Cathay Pacific and Cathay Dragon carried a
combined total of 2,623,764 passengers in November 2019, a drop of
9% compared to the same month last year.
Passenger load factor
decreased by 3.2 percentage points to 80.1%, while capacity,
measured in available seat kilometres (ASKs), decreased by 1.5%.
In the first 11 months of 2019, the number
of passengers carried dropped by 0.4% and capacity increased by
5.7%, as compared to the same period for 2018.
Cathay Pacific
Group Chief Customer and Commercial Officer Ronald Lam said, “As
with the past few months, November continued to be very
challenging for both Cathay Pacific and Hong Kong, with sentiment
for travel still weak. In November, our inbound Hong Kong traffic
dropped 46% compared to the same period in 2018 – a further
slowdown from the 35% drop seen in October. Outbound Hong Kong
traffic, meanwhile, was down 8% against the same time last year –
a slight improvement over previous months. Overall, passenger load
factor dropped 3.2 percentage points to 80.1%. Our increasing
reliance on transit Hong Kong traffic, which has been less
impacted, together with intense competition has meant overall
yield remained under significant pressure.
“Our regional
routes, in particular mainland China and Northeast Asia, continue
to experience weak demand for travel into Hong Kong. Travel
sentiment was also soft on routes to and from the US before
Thanksgiving week – traditionally a very strong period for premium
class travel. There were a few bright spots in our network, such
as our India routes, which remained robust and generated good
demand between India and North America. Traffic between Europe and
the Southwest Pacific – an important transit passenger stream for
our network – also remained healthy.
“Looking forward, we
continue to see a significant shortfall in inbound Hong Kong
advance bookings, particularly from mainland China and other
regional markets, as compared to the same snapshot last year. This
shortfall has been partially offset by the improvement of transit
passenger traffic.”
The two airlines
carried 177,964 tonnes of cargo and mail last month, a drop of
3.9% compared to the same month last year. The cargo and mail load
factor fell by 1.5 percentage points to 68.6%. Capacity, measured
in available freight tonne kilometres (AFTKs) was down by 3.8%
while cargo and mail revenue freight tonne kilometres (RFTKs)
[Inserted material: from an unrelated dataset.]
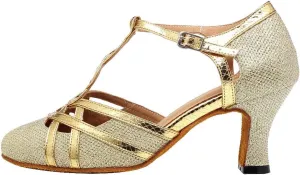 AOQUNFS Women Ballroom Dance Shoes Latin Salsa Practice Performance Low Heel Dancing Shoes,L322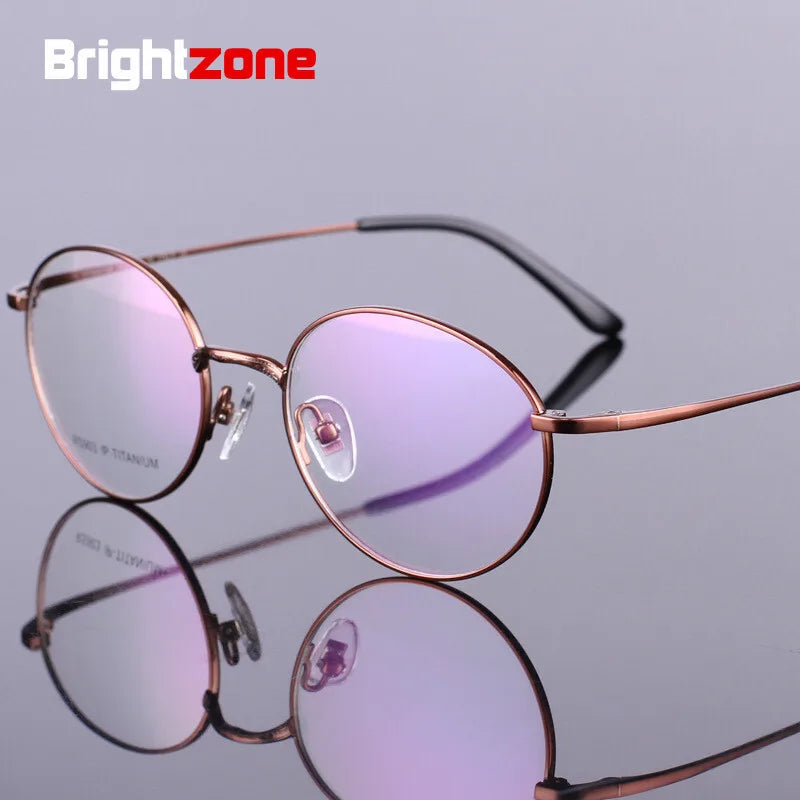 Brightzone Unisex Full Rim Oval Round Titanium Eyeglasses 79003 Full Rim Brightzone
dropped by 5.8%. In the first 11 months of 2019, the tonnage fell
by 6.4% against no change in capacity and a 6.8% decrease in
RFTKs, as compared to the same period for 2018.
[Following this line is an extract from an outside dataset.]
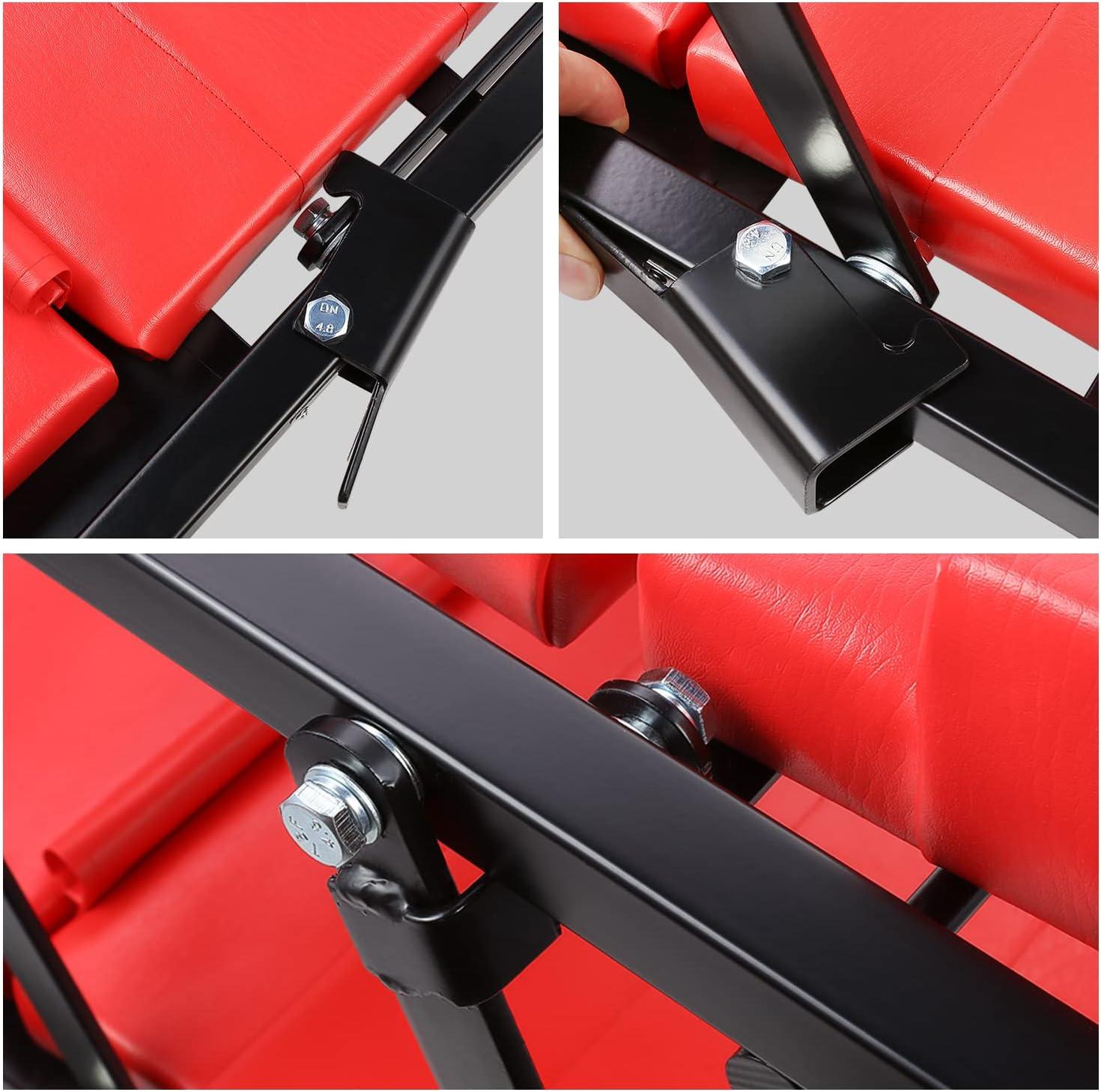 imageDNA Motoring TOOLS00192 48quot 2 IN 1 Folding Rolling Garage Shop Creeper Roller Seat 7 Pcs 2quot Casters 350 Lbs Weight Capacity RedRed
“As for our cargo business, both load factor
and yield further improved against the previous month in November,
which is traditionally a peak month of the year. Exports from
mainland China, Hong Kong and Taiwan remained robust. As demand
from traditional retail and new product releases tailed off
towards the latter half of the month, strong e-commerce traffic
surged around the Singles’ Day shopping holiday in mainland China
as well as Black Friday, to which we successfully catered with
additional charter requests to Southeast Asia,” said Mr. Lam.
“While our cargo
performance this year remains significantly below the record
levels seen in 2018, we are cautiously optimistic about 2020
despite anticipating a weak first half. In our continual efforts
to drive the competitiveness of the Hong Kong cargo hub, we were
pleased to have announced the introduction of a new Terminal
Charge concession for export shipments from Hong Kong, which will
take effect from 1 April 2020 and make Cathay Pacific and Hong
Kong an even more compelling choice for our cargo customers.
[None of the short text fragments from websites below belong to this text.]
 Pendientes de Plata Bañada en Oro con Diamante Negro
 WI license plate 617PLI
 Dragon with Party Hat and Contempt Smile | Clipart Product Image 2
“Overall, our expectation is that the rest of 2019 will remain
incredibly challenging and we continue to expect our second-half
financial results to be significantly below those of our first
half. As a business we continue to closely monitor market
sentiment and global travel trends, remaining agile in our
operations and ensuring our passenger and cargo capacity is best
aligned with demand. In light of the immediate commercial
challenges we are facing, we have reluctantly made the decision to
reduce our seat capacity in 2020 by 1.4% year-on-year as opposed
to our original plan of 3.1% growth, meaning that for the first
time in a long while our airlines will reduce in size.”